Reducing Regulatory Burdens for SMEs: Simplifying compliance requirements and reducing the tax burden on small businesses would help level the playing field, allowing them to compete and contribute to economic growth.
Encouraging Corporate Social Responsibility: Large corporations could be incentivized to invest more heavily in the communities where they operate, including through fair wages, local hiring, and sustainable practices. By prioritizing community engagement over shareholder dividends, corporations could help reinvigorate the UK economy from the ground up.
Increased Funding and Grants for SMEs: The government could provide targeted funding and grants to support SMEs, fostering growth and encouraging the development of new, innovative businesses that contribute to local and national prosperity.
Conclusion: Building an Economy for Everyone, Not Just the FTSE:
The narrative that a strong FTSE indicates a thriving UK economy is misleading for most Britons. The decline in the velocity of money and the concentration of wealth within a small percentage of corporate entities highlight the need for fundamental changes.
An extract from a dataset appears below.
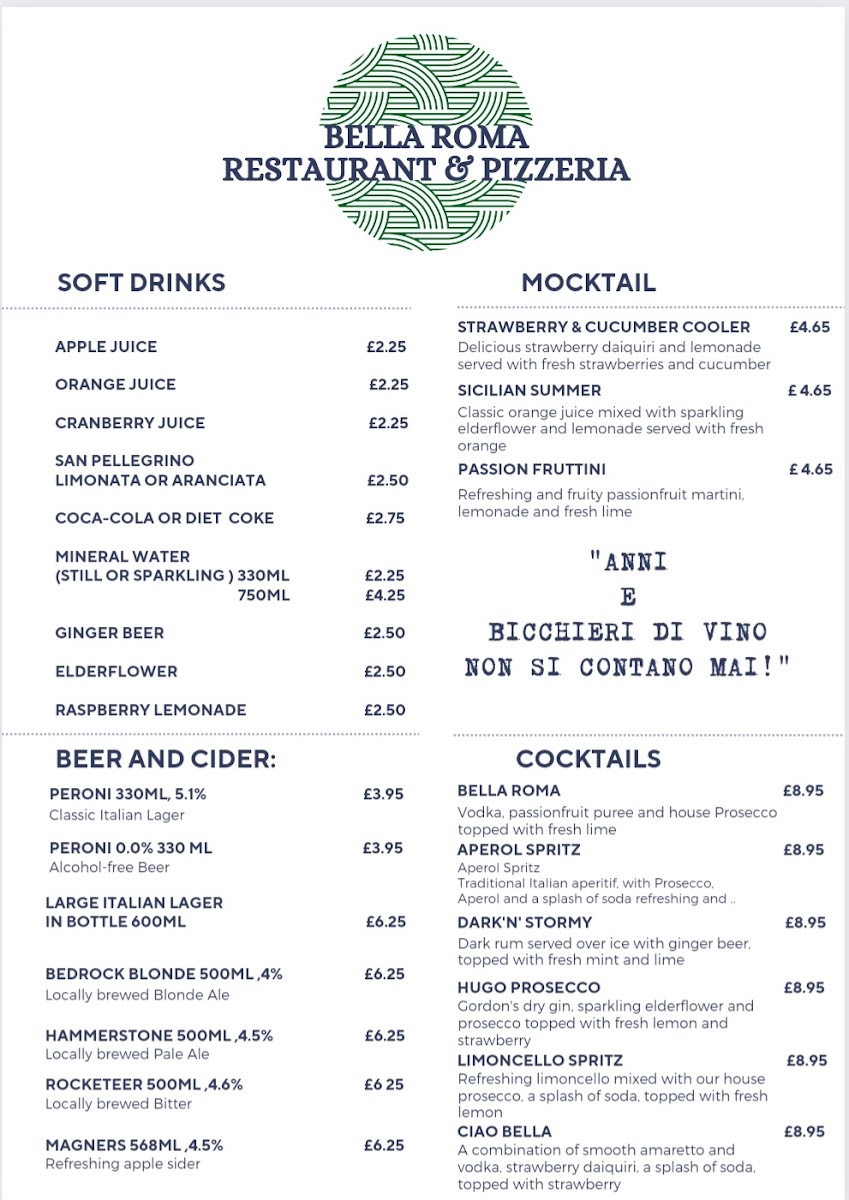 Menu Bella Roma Restaurant & Pizzeria-7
For Getslocal members, local business owners, and everyday citizens, a thriving economy means more than rising stock prices; it means wages that keep pace with inflation, affordable goods, and an environment where small businesses can flourish.
By promoting policies that prioritize SMEs, fair wages, and the equitable circulation of wealth, the UK can work toward an economy that benefits everyone, not just corporate shareholders. For a genuinely prosperous future, the economy must move beyond the narrow successes of the FTSE and work to revitalize the role of small businesses, increasing money velocity and fostering a more inclusive and resilient economic landscape.